TASK ITEM
Return the data below exactly, minus the pictures.

MATERIAL FOR THIS EXERCISE
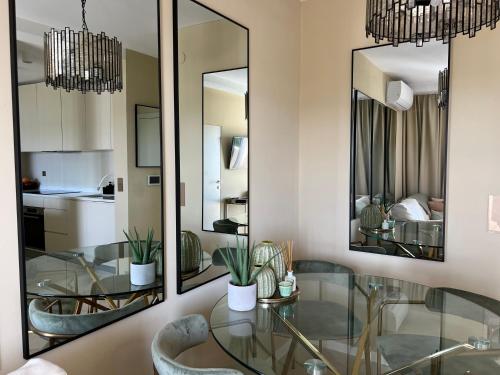 a dining room with a glass table and mirrors at LIZA I Sea View in Lokva Rogoznica
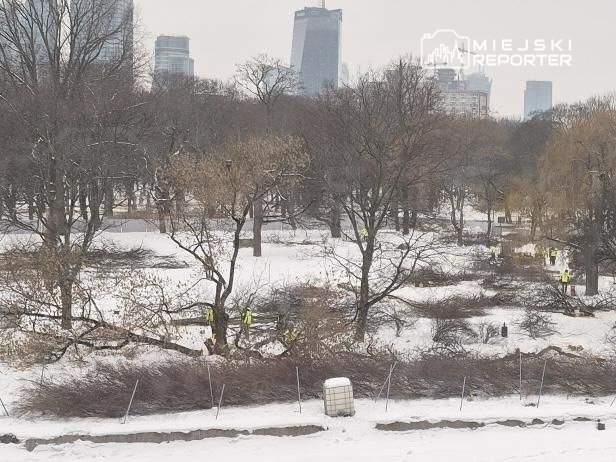 Pracownicy w żółtych kamizelkach porządkują teren parku pokrytego śniegiem, w tle nowoczesne budynki.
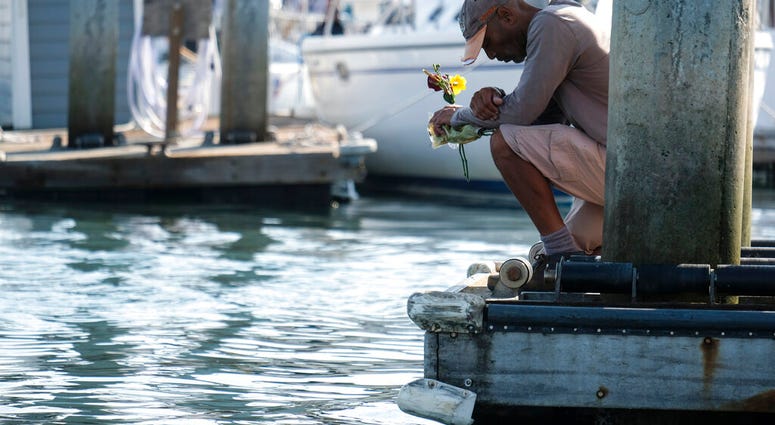 James Miranda, right, of Santa Barbara, holds flowers and takes a moment to reflect at a dock near the Sea Landing at Santa Barbara Harbor in Santa Barbara, Calif., Monday, Sept. 2, 2019.
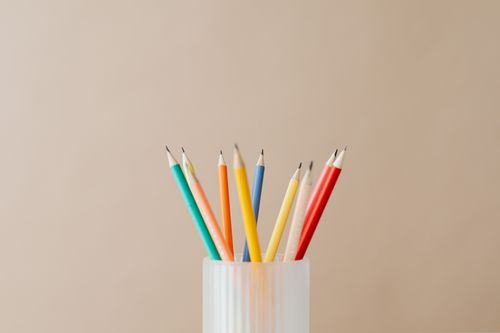 Free Array of multicolored pencils standing upright in a holder against a beige backdrop. Stock Photo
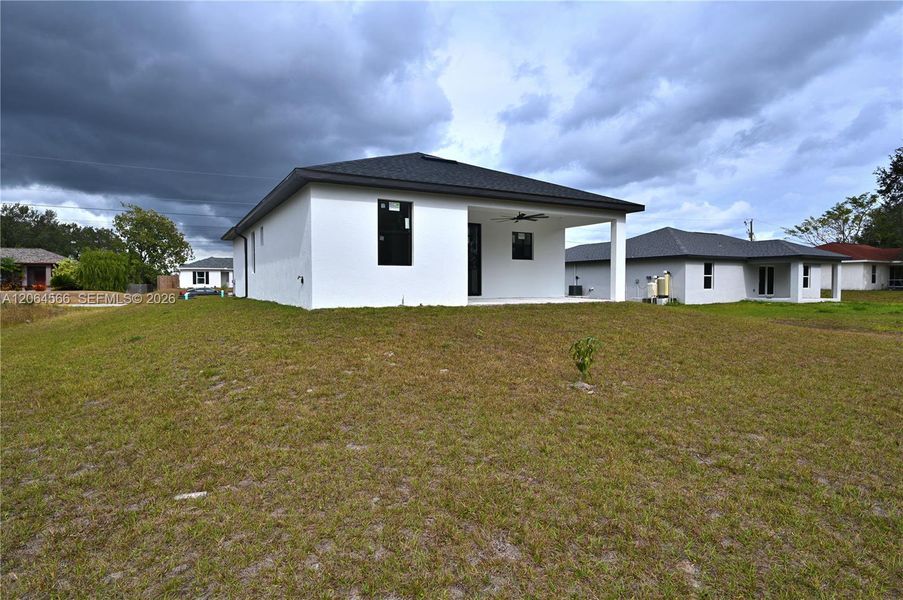 Exterior details and patio area of a home in , Lehigh Acres (Image 3). Exterior details and patio area of a home in , Lehigh Acres (Image 3).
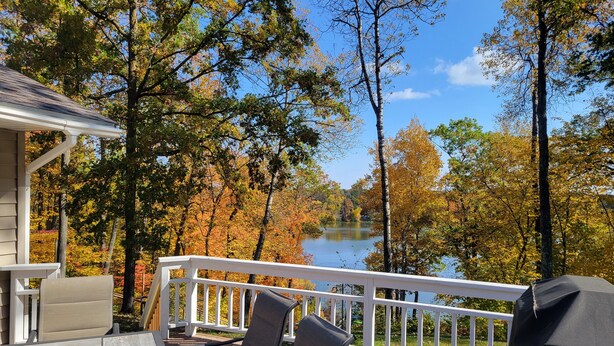 A deck with outdoor seating and a view of a lake surrounded by trees. - Shady Crest. Pool table, fireplace, games, kayaks, Legos. 5 kings - 16ppl. (Brainerd)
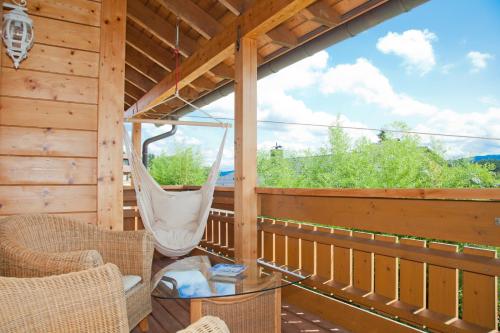 a screened in porch with two chairs and a swing at Ferienhaus Alpenpanorama Chalet in Mollenberg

EXERCISE SOLUTION
 a dining room with a glass table and mirrors at LIZA I Sea View in Lokva Rogoznica
 Pracownicy w żółtych kamizelkach porządkują teren parku pokrytego śniegiem, w tle nowoczesne budynki.
 James Miranda, right, of Santa Barbara, holds flowers and takes a moment to reflect at a dock near the Sea Landing at Santa Barbara Harbor in Santa Barbara, Calif., Monday, Sept. 2, 2019.
 Free Array of multicolored pencils standing upright in a holder against a beige backdrop. Stock Photo
 Exterior details and patio area of a home in , Lehigh Acres (Image 3). Exterior details and patio area of a home in , Lehigh Acres (Image 3).
 A deck with outdoor seating and a view of a lake surrounded by trees. - Shady Crest. Pool table, fireplace, games, kayaks, Legos. 5 kings - 16ppl. (Brainerd)
 a screened in porch with two chairs and a swing at Ferienhaus Alpenpanorama Chalet in Mollenberg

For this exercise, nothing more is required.